___ Records for this task ___

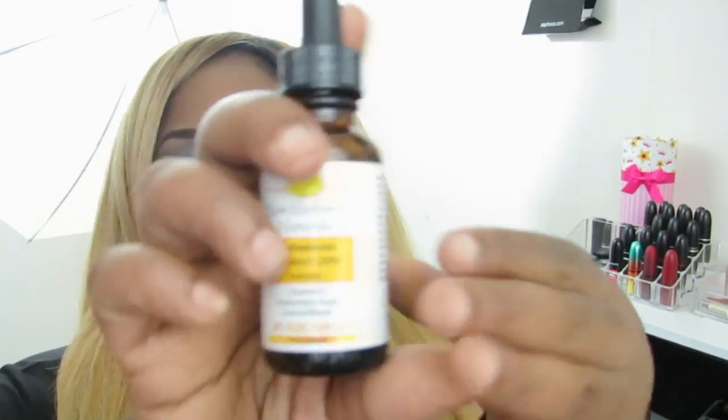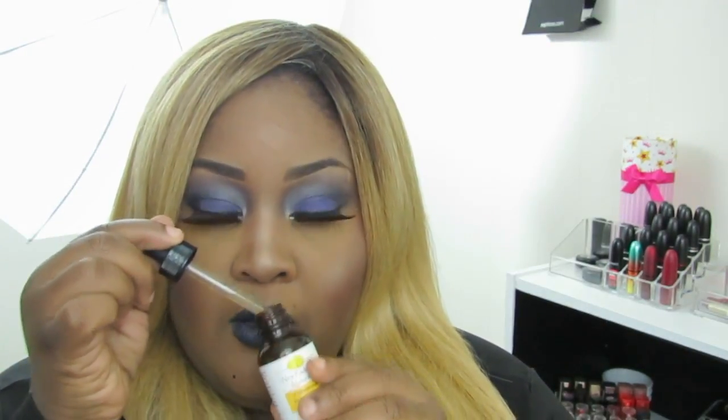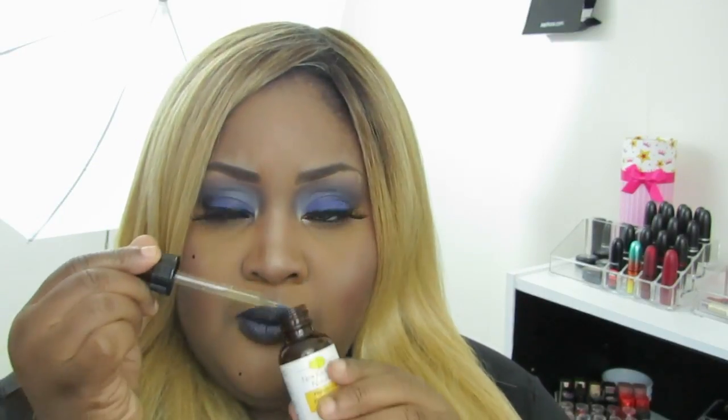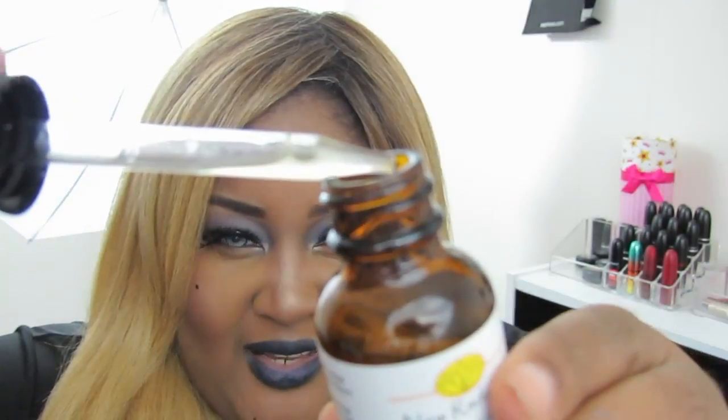They recommend daytime use because it gives the vitamin C a better chance to absorb into your skin, and it can also enhance sun protection. This is going to be a quick review — you can read more about it on my blog. It smells like vitamin C and vitamin E mixed together, basically like a normal serum, similar to all the serums I have except for one.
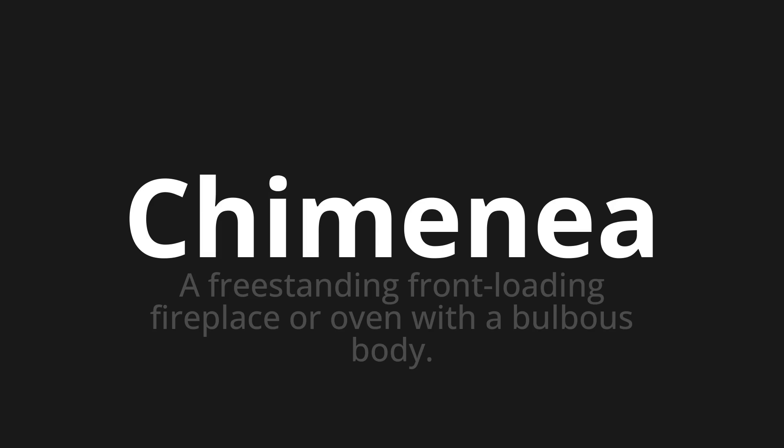Let's say it all together. Chimenea. Chimenea. One more time. Chimenea.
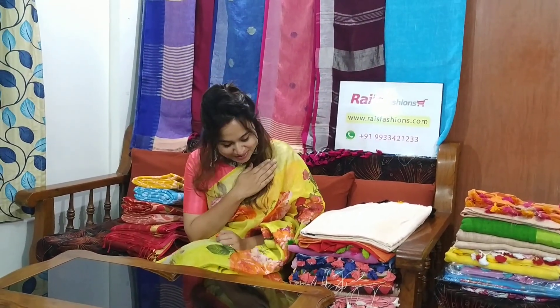Hello everyone, this is Reshmi from Rai's Fashions. Hope you all are doing very good today. Thank you so much for your great help. We at Rai's Fashions are really very happy to hear that you all are loving our collection. Thank you so much. Today's collection is really a beautiful one and my favorite also.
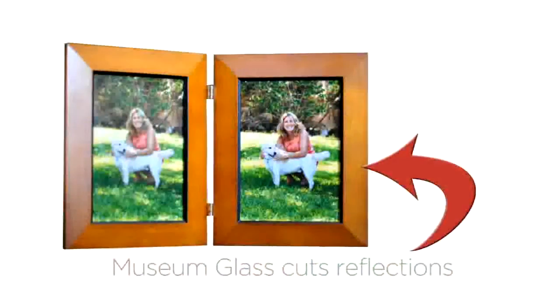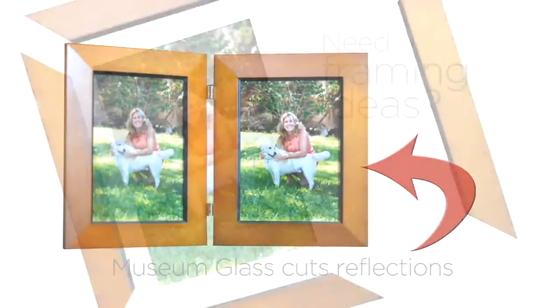When framing your photos in fine art, we recommend upgrading to museum glass for reduced reflection. Bring your photos in fine art for custom framing to the experts at Southern Photo.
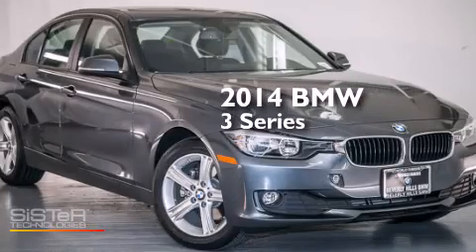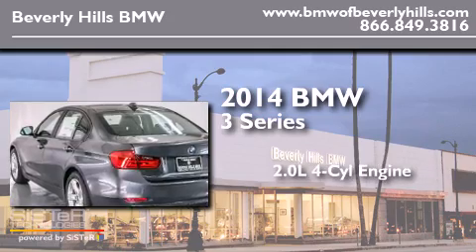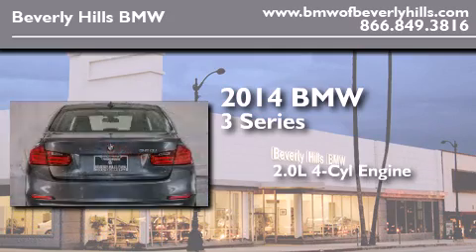This is a brand new 2014 BMW 3 Series. It features a 2.0-liter four-cylinder engine and an automatic transmission.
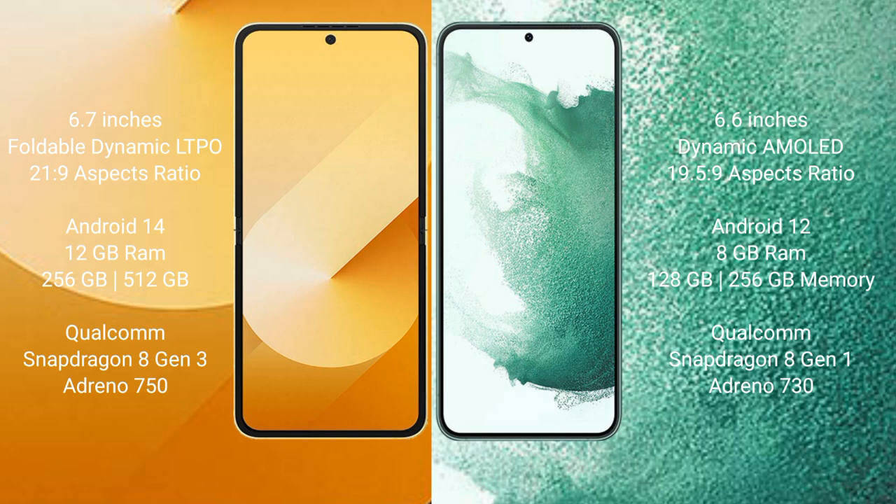The Samsung Galaxy Z Flip 6 runs on Android 14, while the Samsung Galaxy S22 Plus runs on Android 12. The Z Flip 6 comes with 12GB RAM and 256GB or 512GB internal storage with a Snapdragon 8 Gen 1 processor. The S22 Plus comes with 8GB RAM and 256GB internal storage with a Snapdragon 8 Gen 1 processor.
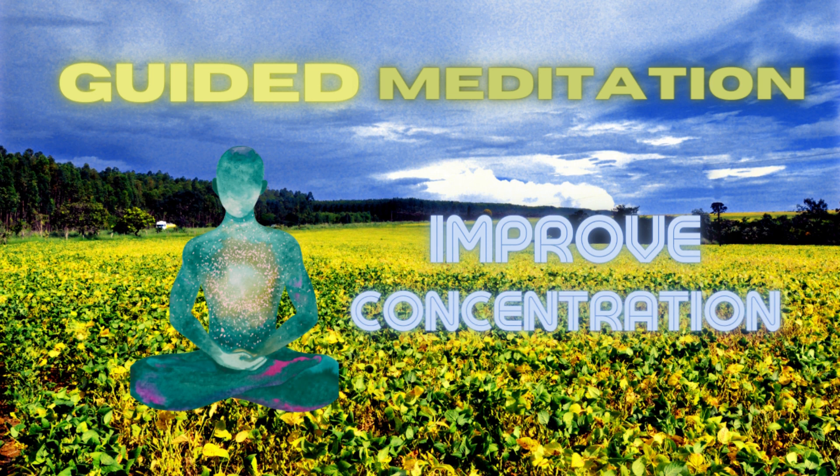Take a comfortable seated position and close your eyes. Allow your body to relax and release any tension as you rest your hands on your lap. Take a deep breath in through your nose and exhale slowly through your mouth. As you continue to breathe deeply and slowly, bring your attention to your surroundings.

___

Task item
Pictures aside, return exactly the lines from the data above, starting at the line that has "Let's say it" and ending at the line that has "The Samsung Galaxy Z", both included.

Exercise result
Let's say it all together. Chimenea. Chimenea. One more time. Chimenea.
Hello everyone, this is Reshmi from Rai's Fashions. Hope you all are doing very good today. Thank you so much for your great help. We at Rai's Fashions are really very happy to hear that you all are loving our collection. Thank you so much. Today's collection is really a beautiful one and my favorite also.
When framing your photos in fine art, we recommend upgrading to museum glass for reduced reflection. Bring your photos in fine art for custom framing to the experts at Southern Photo.
This is a brand new 2014 BMW 3 Series. It features a 2.0-liter four-cylinder engine and an automatic transmission.
The Samsung Galaxy Z Flip 6 runs on Android 14, while the Samsung Galaxy S22 Plus runs on Android 12. The Z Flip 6 comes with 12GB RAM and 256GB or 512GB internal storage with a Snapdragon 8 Gen 1 processor. The S22 Plus comes with 8GB RAM and 256GB internal storage with a Snapdragon 8 Gen 1 processor.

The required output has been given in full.